Not everyone shares my enthusiasm on this, but service design is one of my favorite parts of agency operations and has the greatest ROI of any internal initiative.

There's practical magic in creating and defining a service that:

  • Meets the needs of your clients

  • Achieves your required business outcomes

  • Is supported by integrated and well-structured backend systems and processes

  • Checks the boxes of thoughtful, intentional, repeatable, profitable, and valuable

All without sucking the autonomy from your team members or turning their work into another shitty checklist deliverable. That is the pot of gold at the end of the rainbow.

Good service design will save time and money, increase efficiency, reduce chaos and re-work, make clients happier, and make your services easier to sell. What's not to love about that?

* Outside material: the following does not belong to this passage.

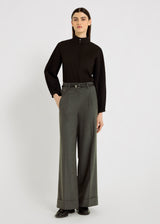 Pantalon tailleur femme gris anthracite à chevrons, jambes larges et pli marqué – Samuel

 In my experience, you need three things to develop good service design:

  • Intentionality

  • Balance

  • Commitment

Good service design is hard work. It’s an intentional investment that requires true collaboration and openness to differing ideas and perspectives. It doesn’t happen by accident. It requires the commitment of team members and leadership to spend the time, effort, and expense to develop and then maintain it. It also requires balance. 

Anyone who has worked with me for any amount of time knows how much I love that word, “balance”. With service design you have to balance the individual needs of your clients with the needs of your business to create a valuable deliverable for them without burning your team out with a revolving door of bespoke projects with ambiguous requirements and rapidly shrinking margins. Been there, done that. It sucks.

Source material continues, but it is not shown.